Wednesday, April 17, 2013

Interview with Tomasz Dąbrowski. Chapter 01

Trumpet player Tomasz Dabrowski is one of the most prominent new faces of polish jazz. I had already the pleasure to write about his TOM Trio cd, more cds are soon to be released (including New York sessions with Tyshaun Sorey, Kris Davies, Andrew Drury). 
I had a brief chat with Tomek in Krakow few weeks ago as he was about to get on the train to Warsaw to play with the Pheeroan AkLaff. The interview will be posted in three chapters in the next two weeks on the blog.

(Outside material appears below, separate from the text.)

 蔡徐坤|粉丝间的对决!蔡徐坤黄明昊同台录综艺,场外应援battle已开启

Here's the first part, a biographical insight into the beginning of Tomasz's musical journey:

"I'm sure everyone has a different story to tell. In my case, my parents have still the VHS-camera recording, it's christmas time and I'm singing some songs by the christmas tree. My folks decided I have a knack for it. Even today, my aunt, and she's around 70 now, always tells me how she remembers me singing to the broom's stick some children songs. As my parents saw it they decided to buy me a keyboard. I'm the first musician in the family, that was their image of how it should begin – keyoard, you know, it has some potential for the future, maybe you'll play in the wedding band, you can show off at holidays to the family, this kind of utility music. And that's how I begun to learn, mostly classical music.

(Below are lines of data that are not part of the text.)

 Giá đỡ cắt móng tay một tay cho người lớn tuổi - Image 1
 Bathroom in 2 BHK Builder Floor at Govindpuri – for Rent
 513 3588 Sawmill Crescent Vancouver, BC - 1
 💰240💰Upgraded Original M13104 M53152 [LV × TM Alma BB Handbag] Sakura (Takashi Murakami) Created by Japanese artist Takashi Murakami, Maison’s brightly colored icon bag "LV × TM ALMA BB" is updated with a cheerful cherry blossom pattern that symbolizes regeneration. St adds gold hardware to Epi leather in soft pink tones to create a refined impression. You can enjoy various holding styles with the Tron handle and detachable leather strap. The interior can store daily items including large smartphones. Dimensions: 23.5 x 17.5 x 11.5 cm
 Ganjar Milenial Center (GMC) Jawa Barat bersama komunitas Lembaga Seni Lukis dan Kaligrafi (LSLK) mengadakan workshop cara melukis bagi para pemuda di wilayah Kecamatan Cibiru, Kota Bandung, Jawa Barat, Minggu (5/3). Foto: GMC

There was this moment, it's really a bad story, there was this disc, or cassette tape rather „Sax & Sex” by Robert Chojnacki with Piasek [sort of smooth jazz / pop music star very popular in the 90s]. I listened to it and I then I knew I want to play saxophone, no way around it. I wasn't the perfect age, 13 years old, it was really a last call to join music school, much smaller children would be already playing well. Ilawa, where I attended the music school, it a small city, around 30 thousand citizens, it is known for a trad jazz festival Złota Tarka („Golden Grater”). They've just initiated a special program which allowed to me enlist. So i did so, I went to thse school and it turned out there's no vacancies left to lear sax, they told me so and asked „how about the trumpet?”. And I wasn't even sure what it was exactly, some people don't know the difference between trumpet and trombone – bone „elephant” sound and that's it.

But I went to the rehearsal led by the teacher Bogdan Olkowski, he played the insteument and I thought to myself it's not that bad, I could be ok with it. I wasn't really serious about it. A guy this age would rather play some football outside. It turned out it's a damn tough instrument to learn, you need to practice everyday, be carefull about what you do, control so many aspects at once. Only today I realise all that, especially since I started to teach as well. I have young students, 8-10 years old but I had a 70 years old senior as well. Everyone starts at the first base.
First reaction one has when he takes the trumpet and tries to play it, you know, cheeks like Dizzy Gillespie, no sound at all and the though appears „God, it's so hard”. It has to be explained that it's not that hard, there are these myths about how physical the instrument is, it is not easy, but you don't loose your conscience after 30 seconds. Although a sweaty shirt after the concert is a normal thing.

I started to play with youth orchestra from Iława, quite a known big band, one of the most acclaimed in Poland. We travelled a lot and Olkowski, for which I'm eternally gratefull, would always say to me „you should do something more about it, you have knack for it”. Unfortuantely I didn't have much musical knowledge, there was nobody who could teach me more. Event though there are many musicians, jazz or otherwise, who are from Ilawa – double bass player Michal Jaros, Marcin Ulanowski who plays the groove ,rock kind of thins. But I couldn't find anyone who could show me „do this”, you can do it that way”, „practice that thing”.

The one person who would play me music would be Hipolit Szalkiewicz – the teacher responsible for the basic music teachings – literature, dictations, practices, classical etudes and so on, all that staff that everyone needs to pass through in the music school. But once the class was over, mr Hipolit would call me „Hey Tomek, wait here a second, listen to this” and he would play me maybe some dixieland jazz that I really liked. I didn't know how to apprach it, but I frequented the jazz festival in the city and that's also when I went to my first jam session.

After that Henryk Majewski visited Ilawa and he rehearsed me but that was a complete bust, I didn't know a first thing about playing jazz, jazz chords? Progressions? I had not theoretical preparation whatsoever. Two years after I applied to the jazz school on Bednarska street in Warsaw and I got in, I still don't really know how, I wasn't a good player, had a lot of technical issues and in fact the first three years I spend trying to correct these, which was very frustrating.
I was a very active environment, people making their own bands, inviting you to play with them, that's how you learn even more, but I had to decline becuase there was no point to it.
Yet after a while I was able to join them, even made own bands, got some individual and team prizes on a couple of contests.

And then the current chapter of my life begins, I moved to Denmark, all that's happening now started then."